Serkan Ocak

Loading

Travel Blog

1600 kişilik iftar çadırında yemek kokusuna hazin öyküler karışıyor

Yedi çocuğuyla kuyruğa giren Zahide anne... Ayakta durmakta zorlanan 'yalnız' dede... Sıcak yemek kokularını içlerine çeken çocuklar...

15 Eylül 2007

İSTANBUL - Yedi çocuğuyla kuyruğa giren Zahide anne... Ayakta durmakta zorlanan 'yalnız' dede... Sıcak yemek kokularını içlerine çeken çocuklar... Hükümetler, belediye başkanları değişiyor ama iftar çadırlarındaki yoksulluk manzaraları hep aynı.
Ramazanın ilk günü Türkiye'nin en büyük iftar çadırlarından birine sahip Bağcılar'da kuyruk saatler öncesinden başlıyor. Geçmişe göre organizasyon biraz daha düzenli. Çadırda 1600 kişilik yer var ancak sıcak bir yemek için bekleyen insan sayısı daha fazla. Çadıra sığmayanlara ayrı bir barakada tabldot veriliyor.
Sefertasları masada
İstanbul'da iftara iki buçuk saat kala önce yaşlılar alınıyor. Çadıra ilk girenlerin merakı iftar mönüsü. Masada hazır bekleyen 10 kişilik sefertaslarının kapağını aralayanlar memnun. Mercimek çorbası, pilav ve taskebabı...
Türkiye Kur'an okuma birincisi İstoç Camii imamının ezan sesleri arasında kaşıklar sallanıyor...
Zahide Akdeniz, yedi çocuğuyla gelmiş. İftar sonrası bir belediye görevlisinden 15 yaşındaki kızını liseye yazdırmak için yardım istiyor. Kravatlı belediye görevlisi "Allah yardımcın olsun" diyerek çekip giderken, kucağındaki iki yaşındaki çocuğuyla bakakalıyor. Kocası belediyede temizlik görevlisi ve aylığı 500 YTL. 350 YTL kira veren ailenin biri liseye, ikisi ilkokula başlayacak çocuklarının nasıl okuyacağı, iftarda karnını doyurmaktan daha çok düşündürüyor çaresiz anneyi.
Daracık sıraların arasında rastladığımız 83 yaşındaki Halil Kaplan'ın dört çocuğu, 15 torunu var.

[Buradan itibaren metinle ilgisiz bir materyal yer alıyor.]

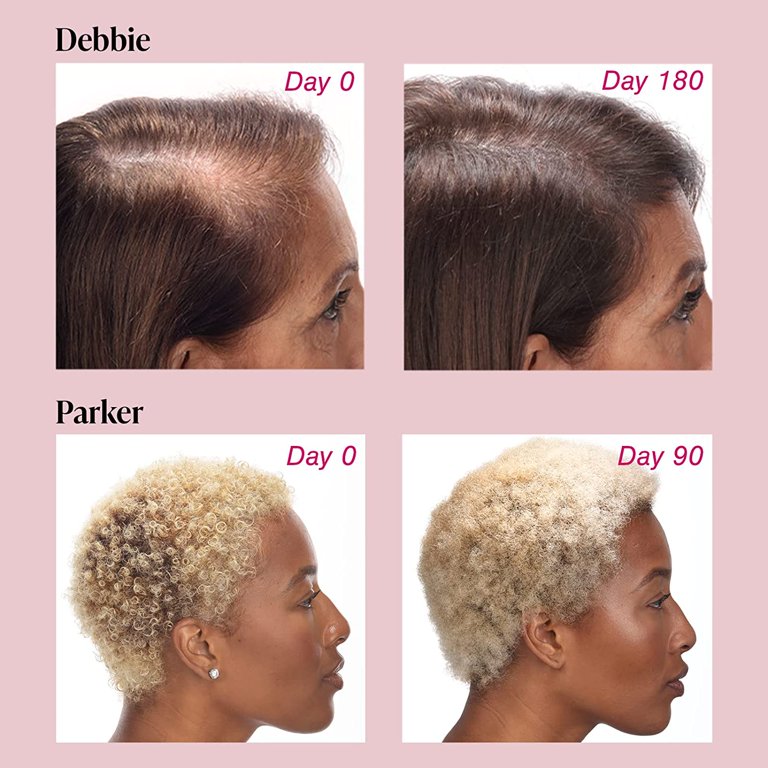 VIVISCAL - Promotes Existing Hair Growth ( 30 tablettes )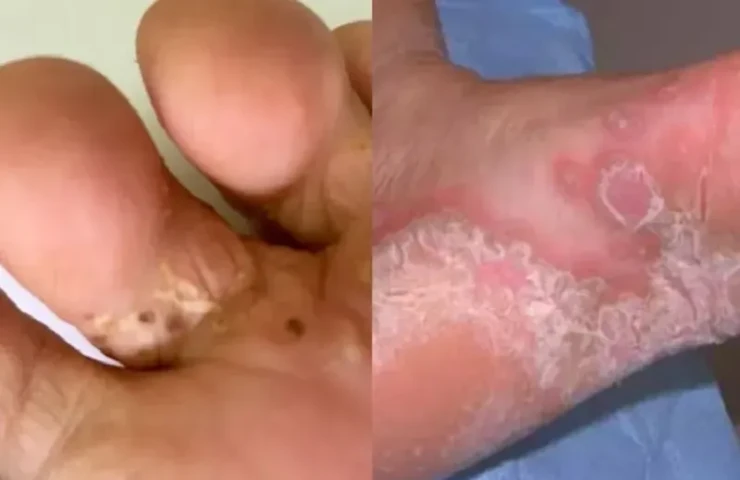 Cảnh báo nguy cơ bỏng do nước nóng, hóa chất, bỏng điện do chập cháy trong mùa bão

Bağcılar'daki küçük evinde tek başına yaşıyor. İftar başlıyor ancak o kaşığı tutmakta zorlanıyor. Evde yemek yapamadığı için 'nerede bulursa orada yiyor.'
Kadınlara ayrılan masalarda çocuklar ağırlıklı. Gözyaşlarını saklamaya çalışan Namia Etiz, yanında iki çocuğuyla iftar çadırının sıralarında saatler öncesinde yerini almış. Kendisi sara hastası, eşini beş ay önce kanserden kaybetmiş. İki küçük oğlu yanında, mide borusu alındığı için çalışamayan büyük oğlu çadırın erkekler bölümünde. Evin geçimini 20 yaşındaki kızı 500 YTL maaşla sağlıyor. Anne, "Allah bize yardım ediyor" diyor.
Bir yan masadaki kadın eşinin gözleri görmediğinden çadıra gelemediğini söylüyor: "Evli 22 yaşında oğlum var. Sakın duymasın, çok kızar. Eşim beyninden de ameliyat oldu, çalışamıyor. Geçinmeye çalışıyoruz. Ramazanda biraz olsun rahatlıyoruz."
Öğretmen de çadırda
Sözleşmeli olarak Bağcılar'daki bir okula atanan Adanalı Türkçe öğretmeni Mesut Kuru da iftar çadırında. Üç gün sonra ilk dersini verecek. İlk tanıştığı öğretmen arkadaşıyla aynı evde kalmaya başlamış. Bir yandan yemek yiyor, bir yandan da çevresindeki hikâyelere tanık oluyor.
İftar yemeği bitiyor ama çadırdaki yokluk manzaraları sürüyor. Yemeğini yiyen 1600 kişi çadırı boşalttığı anda, bu kez içeriye elinde kâselerle kadınlar giriyor. Onların da tek derdi sahura yiyecek bir şeyler bulabilmek.